The word "responsible" in the context of our implies a certain sense of moral reasoning ability but also the ability to take care of one’s self.  In this second context, we can assume that part of taking care of one’s self is ensuring that the skills and things we have learned are relevant because if they are irrelevant, it will be difficult to maintain a decent standard of living.  In order to ensure we have relevant skills, one would have to be in charge of one’s own learning.

So as educators then, as proxies for the parents of the children in our care, as fulfilling our primary responsibility of helping students become responsible able adults, we must provide them opportunities both to learn how to learn and also how to best manage their own learning. We can easily give them many learning experiences, and teach them how to reflect upon their learning so that they are able to learn on their own.  In fact, I would think that schools which are successful do just this, and that many students come out of high school with some ability to master new material on their own.

However, teaching the ability to take responsibility for one’s own learning is not happening at many schools.  How many young adults are able to take mastery of their own learning?  One of the reasons that this happens, I argue, is that students are very rarely, if ever, put in charge of assessing what they know.  This responsibility is the prerogative of the teacher, and the teacher alone.

One of the ways in which we, as teachers, exercise our right to assess students is by giving them tests.  Perhaps students in some courses don’t do tests, maybe they do some other form of assessment, but because they are not in charge of what assessments they do, students will likely fail to learn how to take personal responsibility for their learning.  Every assessment teachers create without student input is a failed opportunity for that student to learn how to assess their own learning.

Another way in which we fail to give students the opportunity to be in charge of their own learning is choosing the curriculum they should be covering for them.  As educators, we self-select what we want to learn in many ways.  For example, we choose our professional development sessions, we decide to which conferences we want to go, and we select which books we want to read.  We even decide with which other professionals we want to collaborate.  In fact, if we weren’t allowed to do these things for ourselves, we would (and do) complain bitterly and feel as if our professional judgement was in question.

Students need to be given some of the same freedoms as educators to choose what they learn.  Perhaps initially educators would have a lot of the say in the lower age groups and could model ways in which learning opportunities can be selected, but as children get older they must have more choice about what they learn. Most schools already include some freedom of choice in terms of course selection, but rare is the school that gives complete choice over what students learn to the students.

Both assessing students and choosing curriculum for them create arbitrary boundaries on what students are expected to know and people who are given boundaries will tend to stop at them.  How often have you heard that a student has forgotten what they learned because "they didn’t need to know it anymore"?  Have you had many students come to you after a unit is complete with more questions about that topic, perhaps at a more advanced stage? Why have the students stopped being interested in your unit? The unit is over, so the need and desire to learn more about it is gone.
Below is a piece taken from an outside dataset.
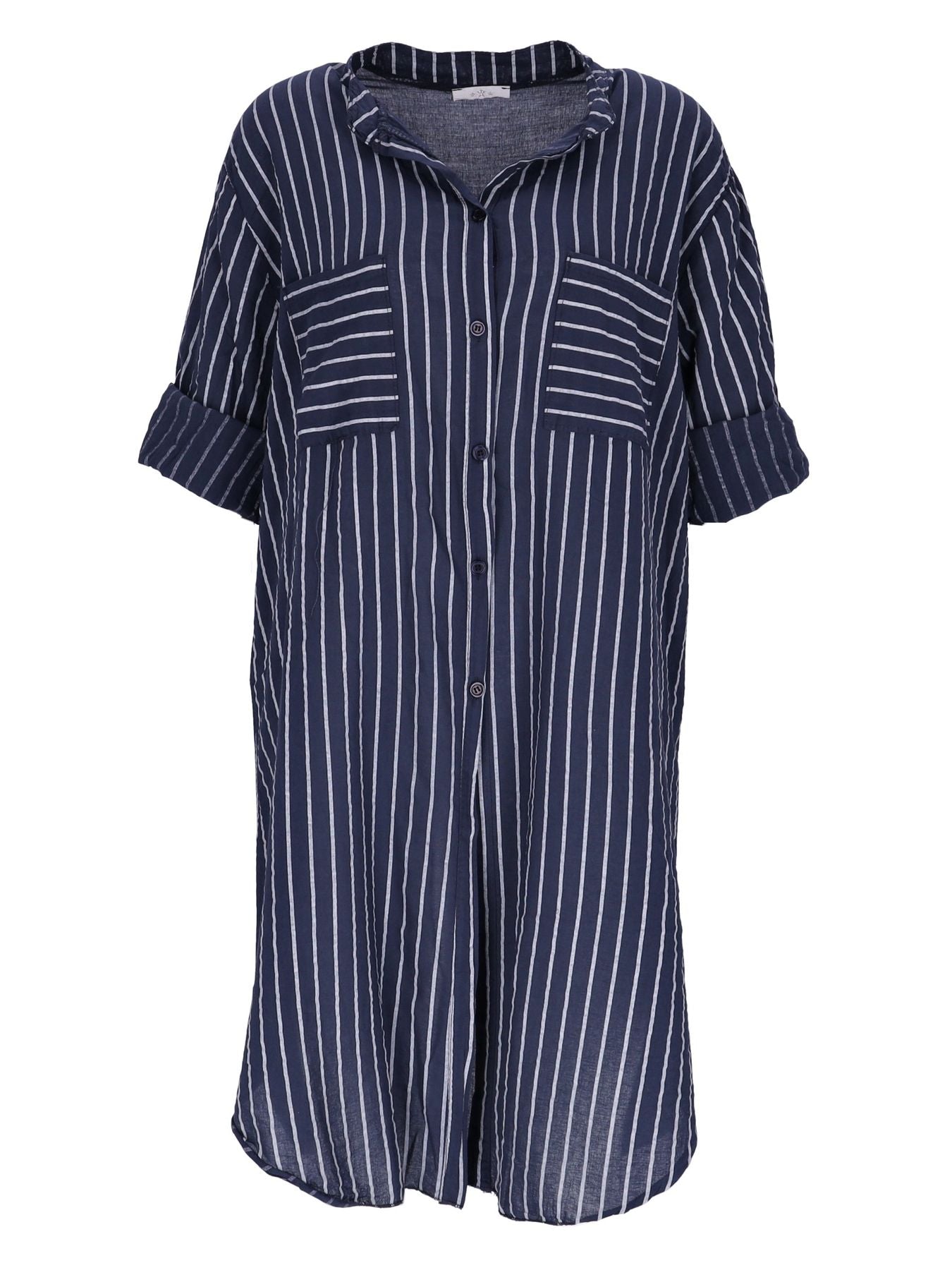 Longbluse Streifen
How can we do our secondary job, which is to ensure that our students learn the skills and content that we want them to learn?  We can start by teaching kids how to assess their learning, how to create rubrics that will demonstrate understanding, how to grade their own assignments, and how to construct assignments, tests, and other assessments, for themselves.  We can model how to construct assessments by giving some of our own we have generated.  We do not have to stop assessing our students, we just need to gradually shift this responsibility from ourselves to them, so that by the time they are ready to leave high school, they are able to reliably determine for themselves if they have learned.